In more details – When an outage or any kind of physical error occurs, continuous replication will allow you to recover with the least amount of data loss (or with no data loss at all). However, when (for example) a file is deleted accidentally, it gets simultaneously removed from your synchronized copy as well! Thus, recovery with continuous replication is doomed to fail. in order to recover – you’ll need a saved copy of the file from a time before its deletion. In other words – a point-in-time copy. The file can be copied from the PiT copy to the fully synchronized target, thus resulting in an up-to-date and valid copy of the source – and operations can continue. Moreover, when an unknown set of files has been compromised, the organization may choose to recover directly from the PiT copy.

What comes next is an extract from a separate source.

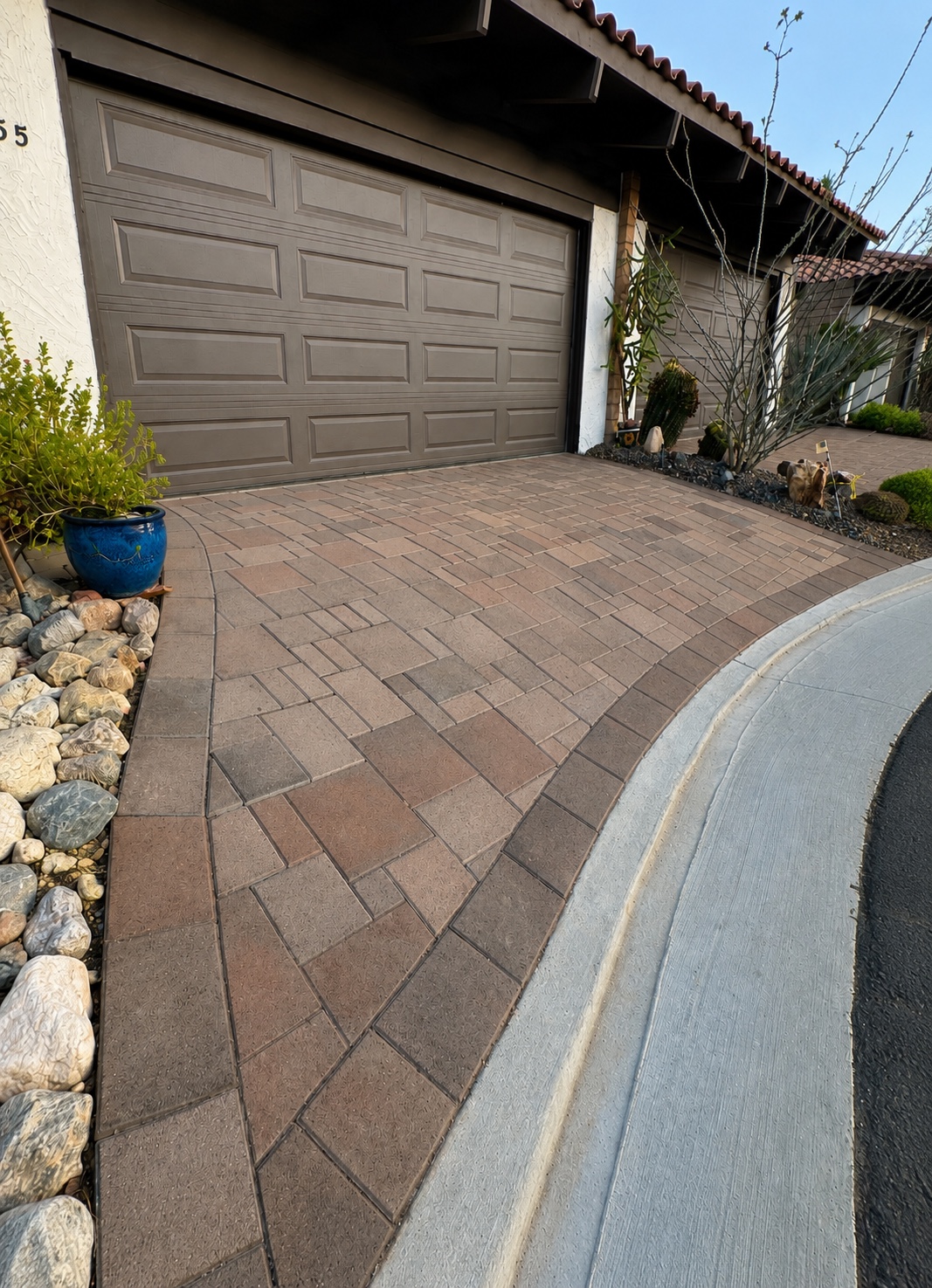 Driveway pavers before pressure washing — dust and grime dulling the pavers in front of a closed garage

Now I know what you’re thinking – “Hi! I can do the same thing with my tape backups. I need no PiT copies”. That is true, but only to some extent. There are many advantages to having PiT copies on top of backup such as:

  • PiT copies are significantly more available – can be used immediately. Moreover, you can have PiT copies in every site.
  • You can create PiT copies frequently – as much as needed (every couple of hours)

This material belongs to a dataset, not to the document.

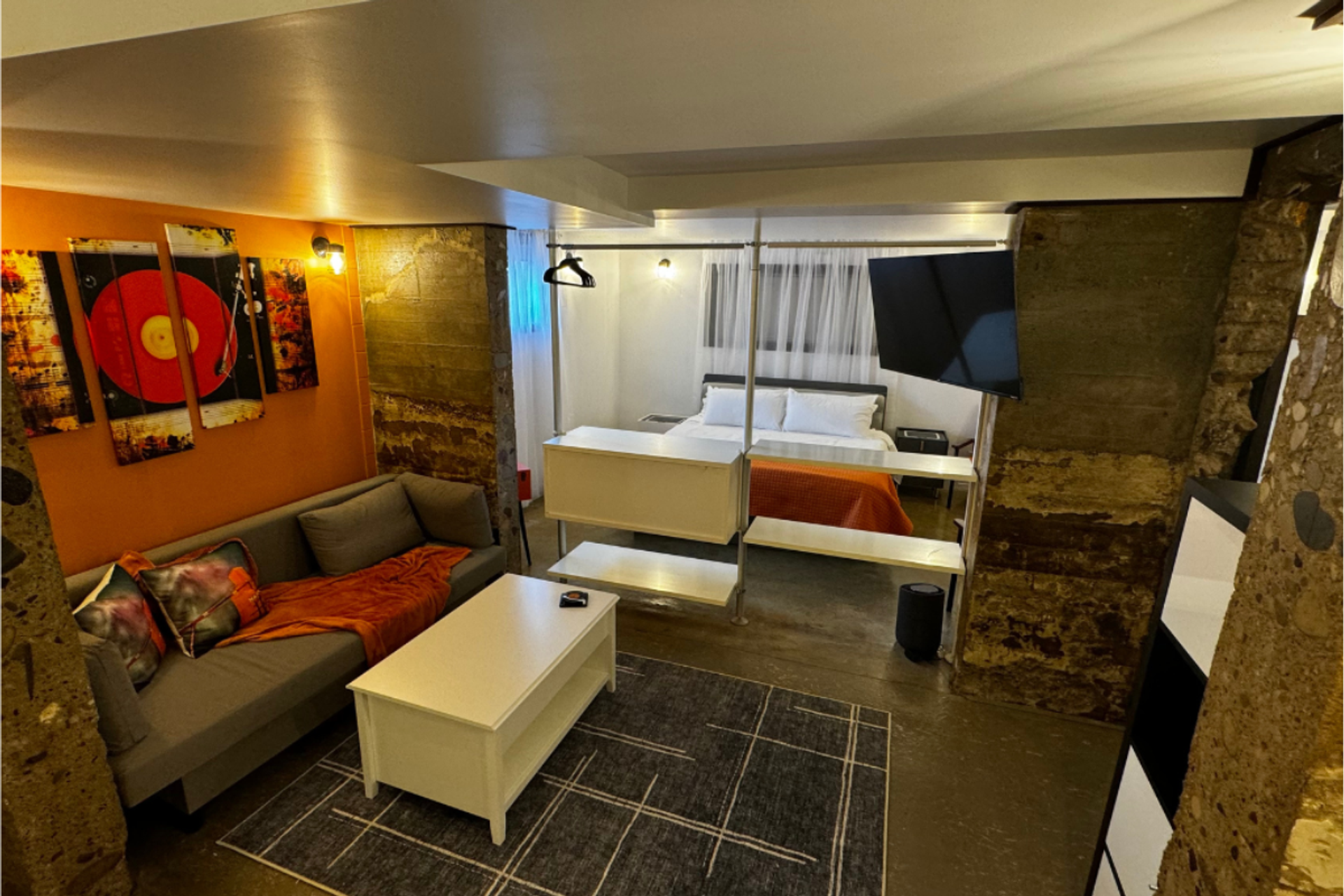 Open-concept room with grey sofa, white coffee table, bed and orange accents.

  • Retrieving files from backup is painfully slow (hours to days) – hardly enough to meet the (enterprise level) recovery time objectives (RTO)
  • In addition, there are obvious benefits to having PiT copies and taking backup of them instead of directly backing up production…but that’s a whole different topic.

Any organization with strict RPO and RTO policies would do wisely if it’ll choose to maintain both continuous and PiT copies. Any other architecture has weak spots that may end up in loss of data or prolonged downtime in case of failover.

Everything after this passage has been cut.